L’accélérateur de particules Van de Graaff a surgi de terre en 1962, soit en même temps que le pavillon Vachon auquel il est rattaché. C’est sous la pression du regretté professeur Larkin Kerwin du Département de physique – qui allait devenir le premier recteur laïque de l’Université dix ans plus tard – qu’un accélérateur de particules avait été inclus dans les plans du pavillon des sciences. «La physique nucléaire était aux années 1960 ce que la photonique est aux années 2000, commente le professeur René Roy, responsable de cet appareil depuis une quinzaine d’années. Ce domaine de la physique connaissait un développement fulgurant à l’époque.» Fabriqué à Boston, l’accélérateur de particules avait coûté 1 M$, ce qui constituait une somme considérable pour un instrument scientifique de recherche.

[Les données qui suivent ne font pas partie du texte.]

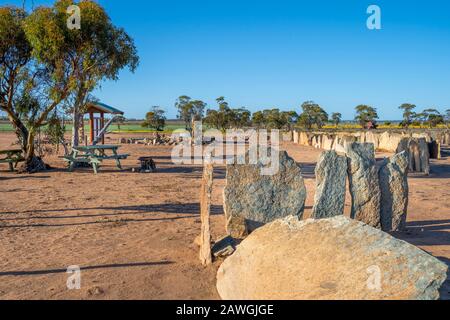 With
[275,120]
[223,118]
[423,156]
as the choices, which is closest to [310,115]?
[275,120]

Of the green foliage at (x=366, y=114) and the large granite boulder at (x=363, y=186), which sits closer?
the large granite boulder at (x=363, y=186)

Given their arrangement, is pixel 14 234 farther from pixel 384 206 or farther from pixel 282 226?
pixel 384 206

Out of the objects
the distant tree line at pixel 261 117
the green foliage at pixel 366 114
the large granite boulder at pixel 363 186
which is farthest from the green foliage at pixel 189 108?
the large granite boulder at pixel 363 186

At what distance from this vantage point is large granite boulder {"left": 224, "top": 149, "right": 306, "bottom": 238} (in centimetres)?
646

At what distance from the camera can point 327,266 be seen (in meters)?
3.89

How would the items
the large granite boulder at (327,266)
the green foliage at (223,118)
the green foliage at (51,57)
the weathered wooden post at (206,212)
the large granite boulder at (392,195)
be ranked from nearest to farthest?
the large granite boulder at (327,266) < the weathered wooden post at (206,212) < the large granite boulder at (392,195) < the green foliage at (51,57) < the green foliage at (223,118)

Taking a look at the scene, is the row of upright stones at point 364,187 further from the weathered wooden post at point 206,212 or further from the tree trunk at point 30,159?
the tree trunk at point 30,159

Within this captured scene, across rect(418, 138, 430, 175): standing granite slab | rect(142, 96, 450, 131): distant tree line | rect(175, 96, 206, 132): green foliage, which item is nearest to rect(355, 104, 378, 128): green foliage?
rect(142, 96, 450, 131): distant tree line

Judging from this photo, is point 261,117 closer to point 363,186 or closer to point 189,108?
point 189,108

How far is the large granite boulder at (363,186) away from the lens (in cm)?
672

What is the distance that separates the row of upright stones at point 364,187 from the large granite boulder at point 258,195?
0.39 m

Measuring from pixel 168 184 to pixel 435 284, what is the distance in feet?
30.3

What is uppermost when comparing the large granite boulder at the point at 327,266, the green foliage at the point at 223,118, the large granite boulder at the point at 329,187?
the green foliage at the point at 223,118

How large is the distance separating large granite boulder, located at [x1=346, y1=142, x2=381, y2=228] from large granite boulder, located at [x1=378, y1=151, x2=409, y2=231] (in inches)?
5.9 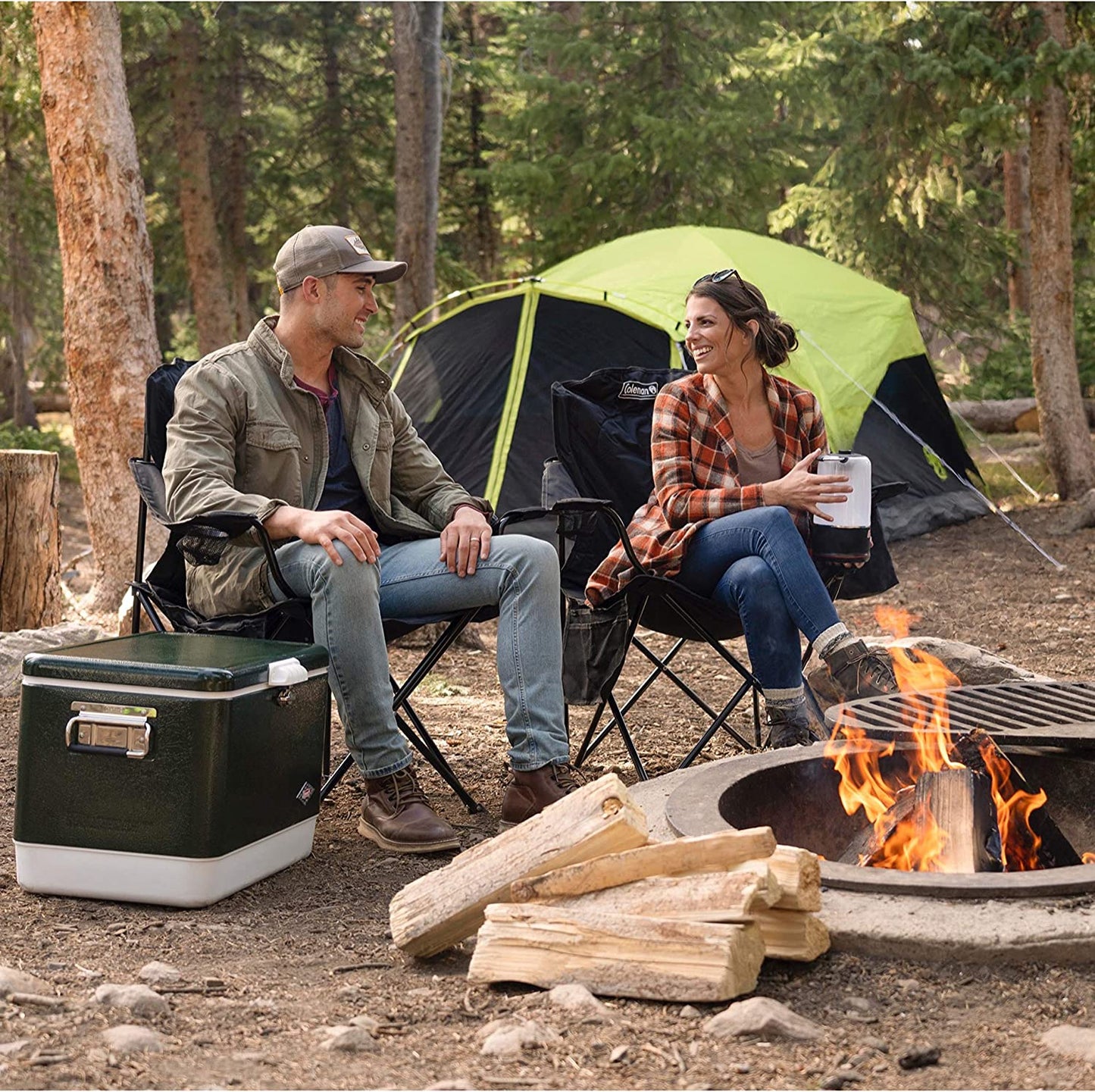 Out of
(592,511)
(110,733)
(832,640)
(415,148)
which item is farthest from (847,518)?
(415,148)

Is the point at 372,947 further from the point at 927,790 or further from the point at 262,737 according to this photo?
the point at 927,790

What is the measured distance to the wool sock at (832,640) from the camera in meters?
3.17

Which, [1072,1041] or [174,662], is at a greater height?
[174,662]

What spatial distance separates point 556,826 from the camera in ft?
7.36

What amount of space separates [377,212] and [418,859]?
10.7 metres

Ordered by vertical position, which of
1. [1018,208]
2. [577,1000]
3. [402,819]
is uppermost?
[1018,208]

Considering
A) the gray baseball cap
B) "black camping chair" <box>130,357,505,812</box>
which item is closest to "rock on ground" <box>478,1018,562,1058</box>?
"black camping chair" <box>130,357,505,812</box>

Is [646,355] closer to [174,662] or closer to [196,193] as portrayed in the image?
[174,662]

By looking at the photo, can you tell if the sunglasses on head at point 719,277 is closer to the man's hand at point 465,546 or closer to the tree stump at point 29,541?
the man's hand at point 465,546

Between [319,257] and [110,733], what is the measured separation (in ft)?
4.07

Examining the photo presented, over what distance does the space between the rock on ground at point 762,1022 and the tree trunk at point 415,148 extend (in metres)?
9.10

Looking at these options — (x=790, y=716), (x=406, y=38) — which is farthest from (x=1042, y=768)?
(x=406, y=38)

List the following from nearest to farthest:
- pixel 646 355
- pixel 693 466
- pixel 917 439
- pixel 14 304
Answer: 1. pixel 693 466
2. pixel 917 439
3. pixel 646 355
4. pixel 14 304

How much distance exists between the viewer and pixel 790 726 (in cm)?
329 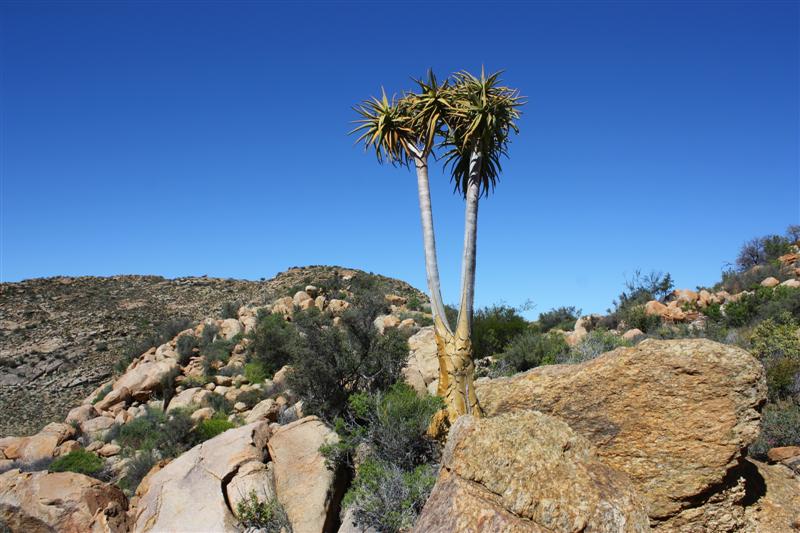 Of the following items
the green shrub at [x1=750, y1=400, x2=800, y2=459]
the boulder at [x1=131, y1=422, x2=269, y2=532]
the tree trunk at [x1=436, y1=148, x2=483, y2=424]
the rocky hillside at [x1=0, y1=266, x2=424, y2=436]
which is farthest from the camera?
the rocky hillside at [x1=0, y1=266, x2=424, y2=436]

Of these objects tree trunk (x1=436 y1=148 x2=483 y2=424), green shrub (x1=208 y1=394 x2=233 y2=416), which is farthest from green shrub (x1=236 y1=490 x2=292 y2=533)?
green shrub (x1=208 y1=394 x2=233 y2=416)

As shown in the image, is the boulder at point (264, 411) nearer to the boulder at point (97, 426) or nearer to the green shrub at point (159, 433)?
the green shrub at point (159, 433)

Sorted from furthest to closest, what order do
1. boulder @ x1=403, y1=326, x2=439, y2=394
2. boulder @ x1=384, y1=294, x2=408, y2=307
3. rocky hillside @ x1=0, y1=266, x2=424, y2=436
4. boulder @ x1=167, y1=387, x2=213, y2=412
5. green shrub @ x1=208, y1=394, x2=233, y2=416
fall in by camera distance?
boulder @ x1=384, y1=294, x2=408, y2=307
rocky hillside @ x1=0, y1=266, x2=424, y2=436
boulder @ x1=167, y1=387, x2=213, y2=412
green shrub @ x1=208, y1=394, x2=233, y2=416
boulder @ x1=403, y1=326, x2=439, y2=394

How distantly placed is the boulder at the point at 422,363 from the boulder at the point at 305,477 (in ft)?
9.47

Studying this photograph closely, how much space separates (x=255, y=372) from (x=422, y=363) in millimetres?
7866

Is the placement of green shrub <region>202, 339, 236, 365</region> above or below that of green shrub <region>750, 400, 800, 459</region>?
above

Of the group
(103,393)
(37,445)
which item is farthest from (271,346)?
(103,393)

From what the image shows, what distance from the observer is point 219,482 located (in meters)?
9.20

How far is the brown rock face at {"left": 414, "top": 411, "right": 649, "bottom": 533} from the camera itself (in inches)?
183

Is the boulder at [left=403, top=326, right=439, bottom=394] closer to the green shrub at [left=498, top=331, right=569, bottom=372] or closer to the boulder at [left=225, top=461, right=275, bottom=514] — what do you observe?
the green shrub at [left=498, top=331, right=569, bottom=372]

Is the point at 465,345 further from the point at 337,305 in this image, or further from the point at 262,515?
the point at 337,305

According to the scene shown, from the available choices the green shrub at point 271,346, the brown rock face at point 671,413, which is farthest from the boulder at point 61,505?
the green shrub at point 271,346

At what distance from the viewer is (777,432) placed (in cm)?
829

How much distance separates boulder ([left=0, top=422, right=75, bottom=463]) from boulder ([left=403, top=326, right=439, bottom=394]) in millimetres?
10526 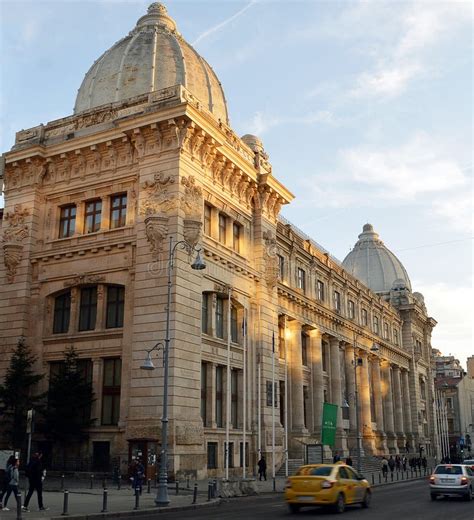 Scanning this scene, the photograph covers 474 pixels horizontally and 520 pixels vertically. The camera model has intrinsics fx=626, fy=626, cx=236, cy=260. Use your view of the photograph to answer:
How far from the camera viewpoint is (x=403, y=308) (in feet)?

Il en coûtera environ 200 000$ pour refaire une beauté à ce bâtiment dont le turquoise chamarré de rouille trahissait l’âge vénérable. Ses murs de béton d’une épaisseur d’un mètre auraient rendu la démolition très ardue, signale le professeur Roy. «Il était plus simple de l’intégrer dans le décor que de le démolir», constate-t-il. Le démantèlement de tout l’appareillage a nécessité des mesures  spéciales. On craignait notamment d’y trouver de la radioactivité – il faut d’ailleurs un permis de la Commission canadienne de sûreté nucléaire pour opérer un accélérateur de particules. Les centaines de tests effectués par le Comité de radioprotection de l’Université n’ont révélé aucune trace de radioactivité. Si la structure a été recouverte d’une immense toile étanche, c’est pour éviter que la  vieille peinture – en particulier le plomb qu’elle contient - ne soit disséminée dans l’environnement lors des travaux de sablage.

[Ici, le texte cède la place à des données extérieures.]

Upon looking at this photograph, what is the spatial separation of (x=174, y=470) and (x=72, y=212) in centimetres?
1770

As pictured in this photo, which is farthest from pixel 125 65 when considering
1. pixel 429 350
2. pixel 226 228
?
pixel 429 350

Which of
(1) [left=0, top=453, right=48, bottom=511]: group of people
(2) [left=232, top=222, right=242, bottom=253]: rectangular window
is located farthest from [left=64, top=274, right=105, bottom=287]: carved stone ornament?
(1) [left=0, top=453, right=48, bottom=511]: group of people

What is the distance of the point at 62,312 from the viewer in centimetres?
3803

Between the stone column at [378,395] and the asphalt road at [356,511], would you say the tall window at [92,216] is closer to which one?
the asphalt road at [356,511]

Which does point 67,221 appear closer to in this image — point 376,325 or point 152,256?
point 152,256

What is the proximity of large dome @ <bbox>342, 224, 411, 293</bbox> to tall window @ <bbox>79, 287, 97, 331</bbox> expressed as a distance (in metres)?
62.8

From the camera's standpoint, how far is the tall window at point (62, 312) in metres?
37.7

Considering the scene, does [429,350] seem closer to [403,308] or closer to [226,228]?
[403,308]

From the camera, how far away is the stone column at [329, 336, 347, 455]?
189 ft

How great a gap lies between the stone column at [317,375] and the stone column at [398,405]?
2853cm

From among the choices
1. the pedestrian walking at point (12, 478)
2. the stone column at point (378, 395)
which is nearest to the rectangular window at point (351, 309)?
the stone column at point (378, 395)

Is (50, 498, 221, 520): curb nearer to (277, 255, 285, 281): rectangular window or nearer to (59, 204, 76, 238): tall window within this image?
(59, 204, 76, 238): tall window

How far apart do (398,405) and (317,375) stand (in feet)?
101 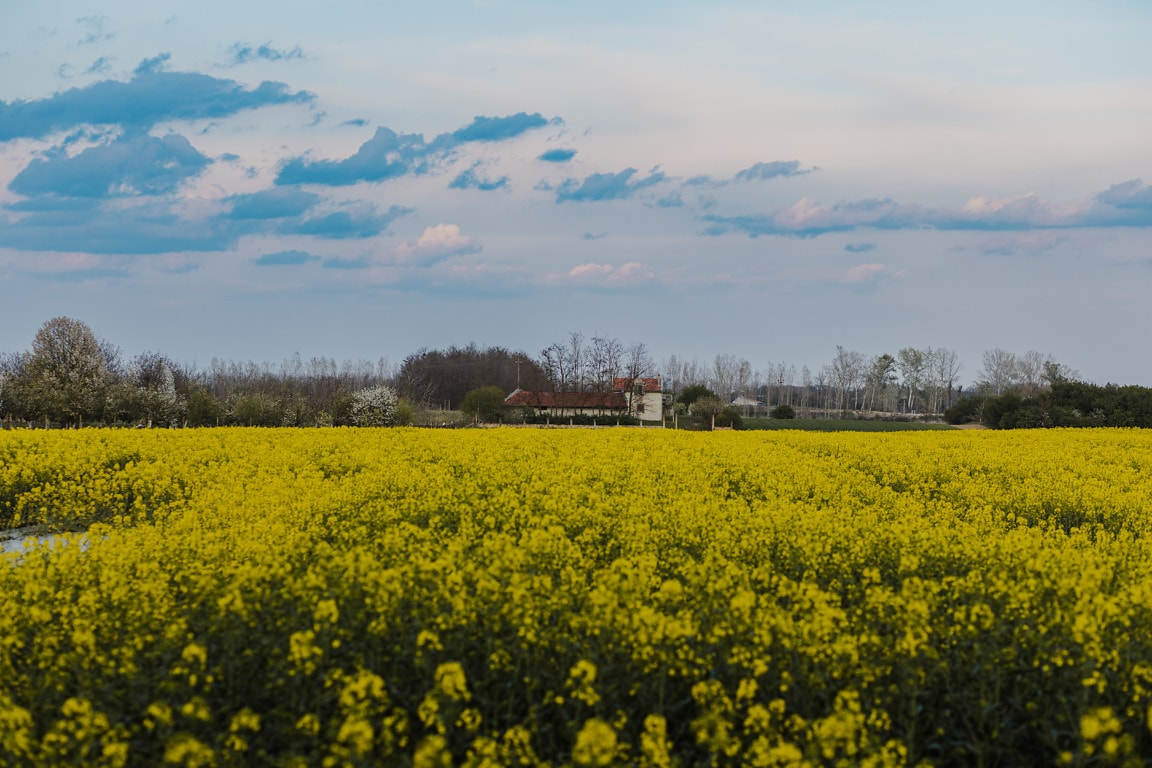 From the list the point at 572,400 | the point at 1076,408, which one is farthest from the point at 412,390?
the point at 1076,408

Pendant plus de 40 ans, l’accélérateur de particules a servi à la recherche fondamentale en physique atomique et pour certaines études biologiques nécessitant le recours à des isotopes radioactifs. Le professeur Roy estime qu’une quarantaine d’étudiants à la maîtrise, une trentaine d’étudiants au doctorat et jusqu’à dix professeurs ont eu recours à cet équipement. «À une certaine époque, l’accélérateur fonctionnait 24 heures sur 24, tous les jours de semaine et parfois même la fin de semaine», signale le professionnel de recherche Claude Rioux. «L’appareil était vieillot, mais il a servi jusqu’en 2006, souligne de son côté René Roy. Il aurait toutefois fallu trouver de l’argent pour remplacer certaines pièces.»     Ici comme ailleurs au pays, le financement pour l’entretien de la plupart des accélérateurs a été coupé au début des années 1990. Depuis quelques années, René Roy et ses étudiants effectuent leurs expériences dans des installations situées à Vancouver ou en France. L’accélérateur servait surtout aux tests préliminaires qu’effectuaient les étudiants. L’étudiant-chercheur Donald Peyrot, qui a soutenu son doctorat en juin dernier, a eu l’honneur de fermer le cortège de chercheurs qui ont fait appel au Van de Graaff pour l’essentiel de leurs travaux.

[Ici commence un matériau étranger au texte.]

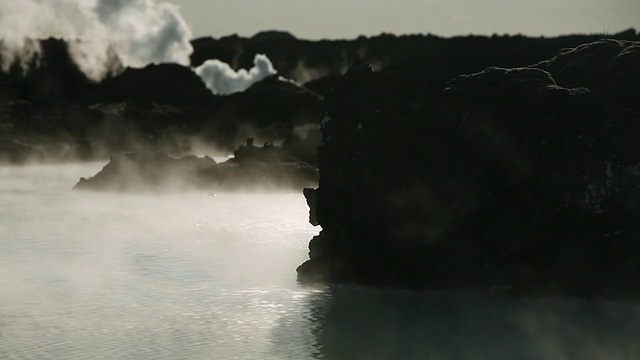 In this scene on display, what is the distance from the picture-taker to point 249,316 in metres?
43.2

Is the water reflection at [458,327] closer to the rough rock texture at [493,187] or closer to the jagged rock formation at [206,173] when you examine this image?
the rough rock texture at [493,187]

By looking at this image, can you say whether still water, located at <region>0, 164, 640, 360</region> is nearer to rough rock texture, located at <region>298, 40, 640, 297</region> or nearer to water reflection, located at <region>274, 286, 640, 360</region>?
water reflection, located at <region>274, 286, 640, 360</region>

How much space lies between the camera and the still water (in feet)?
120

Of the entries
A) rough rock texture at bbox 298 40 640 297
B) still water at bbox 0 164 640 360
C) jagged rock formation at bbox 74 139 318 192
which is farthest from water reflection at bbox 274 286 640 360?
jagged rock formation at bbox 74 139 318 192

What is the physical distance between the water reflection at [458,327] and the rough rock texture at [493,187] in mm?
1400

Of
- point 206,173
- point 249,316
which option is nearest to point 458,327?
point 249,316

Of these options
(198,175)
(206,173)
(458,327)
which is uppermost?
(206,173)

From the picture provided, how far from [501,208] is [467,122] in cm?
476

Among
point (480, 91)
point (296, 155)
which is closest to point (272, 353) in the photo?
point (480, 91)

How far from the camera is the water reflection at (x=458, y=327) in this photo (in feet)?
119

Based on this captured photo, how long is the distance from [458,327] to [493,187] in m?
7.82

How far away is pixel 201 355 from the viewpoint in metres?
35.8

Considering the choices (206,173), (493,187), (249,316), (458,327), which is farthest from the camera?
(206,173)

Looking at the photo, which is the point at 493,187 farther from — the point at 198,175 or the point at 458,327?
the point at 198,175
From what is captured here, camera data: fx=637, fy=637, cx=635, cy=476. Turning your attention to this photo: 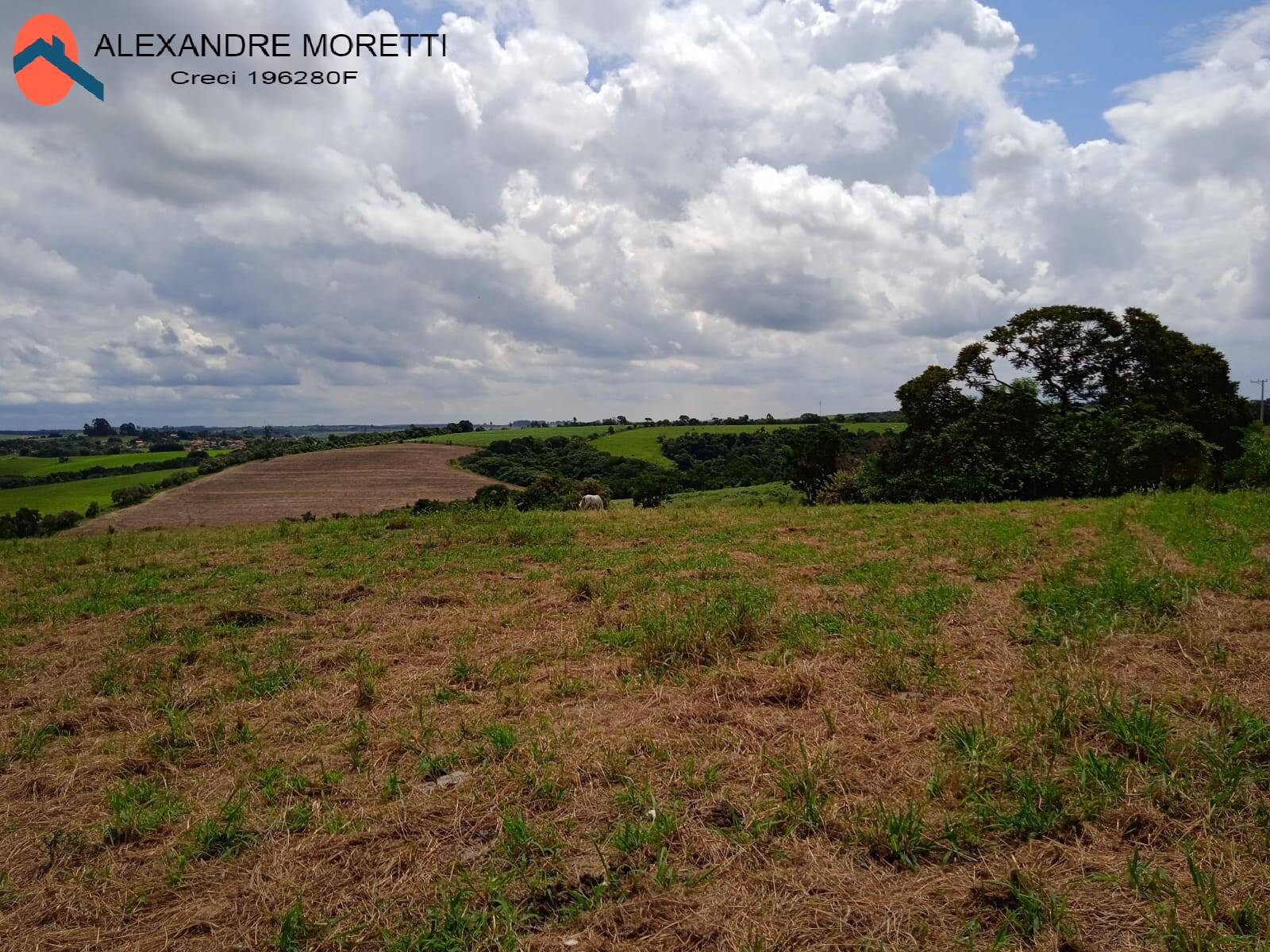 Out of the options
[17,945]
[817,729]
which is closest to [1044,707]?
[817,729]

Les locaux souterrains de l’accélérateur ont été récupérés pour installer le supercalculateur, mais le silo comme tel demeure vacant. On y trouve encore le coeur de l’accélérateur et l’immense coupole qui le recouvrait. René Roy, qui assume présentement la direction du Département de physique, génie physique et d’optique, caresse le projet d’y créer un musée. «Nous aimerions y exposer des pièces qui faisaient partie intégrante de l’accélérateur, des instruments scientifiques anciens appartenant au Département et des montages présentant la physique actuelle. Ce sera une sorte de musée qui servira à conserver une partie de notre patrimoine scientifique et à développer le goût des sciences chez les jeunes», espère-t-il.